You get the sense that even Felix Jones would agree he does not handle praise well. Which in the current climate makes for an uncomfortable time for Munster’s backline and attack coach.
It is just 27 months since the full-back was forced to call it quits on his playing career for the province and Ireland, a neck injury bringing a premature end at the age of just 28.
Fast forward to 2018 and the plaudits for the young coach are turning from a trickle into a stream.
A secondment to Joe Schmidt’s coaching staff during Ireland’s summer tour to Japan was Jones’s reward for a rookie coaching season under Rassie Erasmus at Munster, with the South African director of rugby enhancing his and fellow assistant Jerry Flannery’s roles ahead of pre-season and in advance of his departure back to the SARU.
This season has seen Munster’s horizons broaden in terms of gameplan as Erasmus, who promised to add more strings to the bow following deeply disappointing defeats to Saracens in the Champions Cup semi-final last April and a resounding thumping by Scarlets in the following month’s PRO12 final, empowered Jones to take the side’s attacking options to the next level.

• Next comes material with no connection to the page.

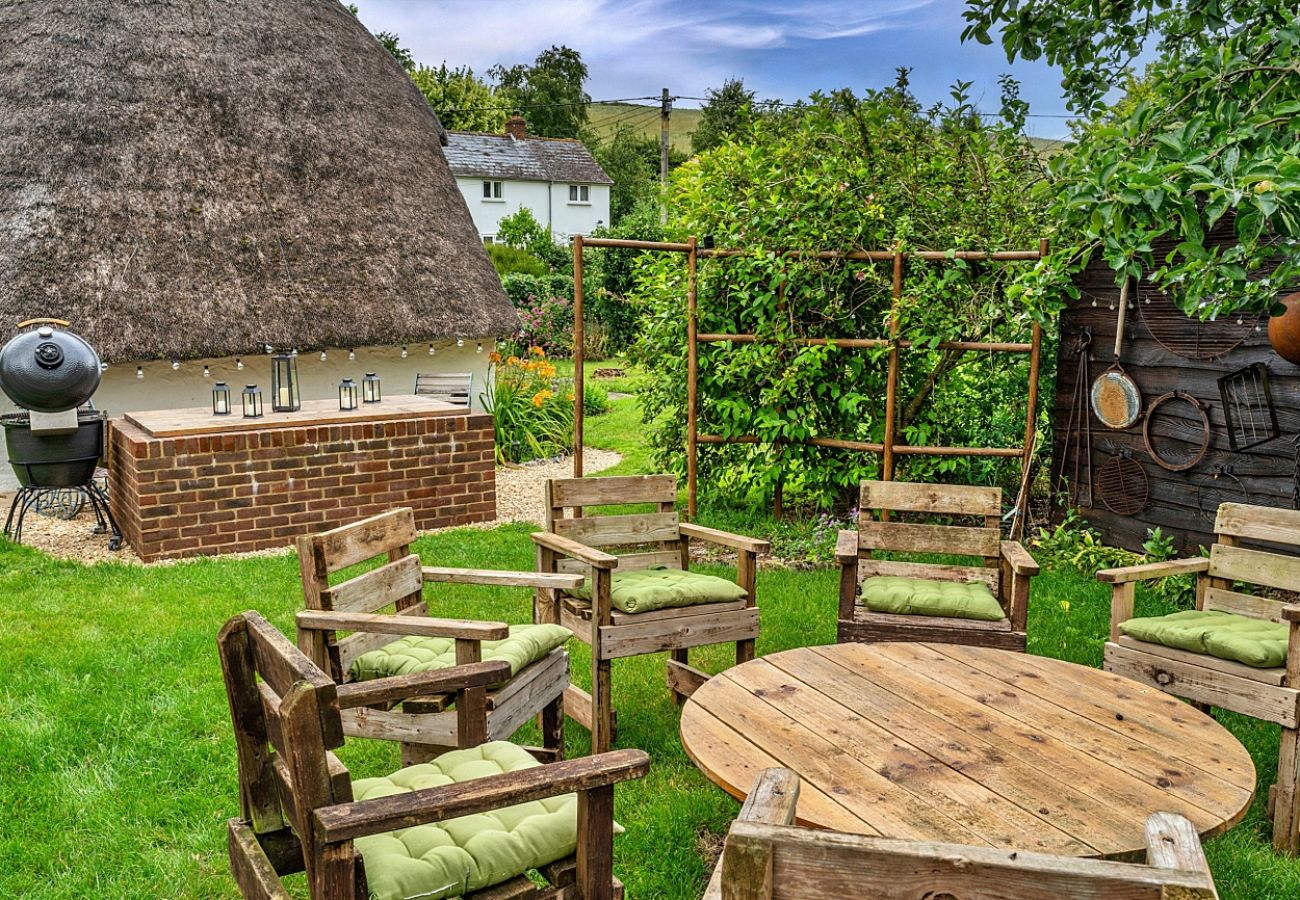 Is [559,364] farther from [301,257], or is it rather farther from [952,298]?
[952,298]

Incoming head coach Johann van Graan has pledged to do the same and there have been more than a few glimpses of Jones’s good work to that effect in the campaign to this point, not least last Sunday in Paris, where Munster engineered three fine tries against Racing 92 and could, perhaps should, have had a couple more.
That they did not and Munster lost the chance to book a Champions Cup quarter-final spot a week early is why any praise of the good deeds tends to fall on the deaf ears of a 30-year-old coach who feels he is still very much in the foothills of a steep learning curve.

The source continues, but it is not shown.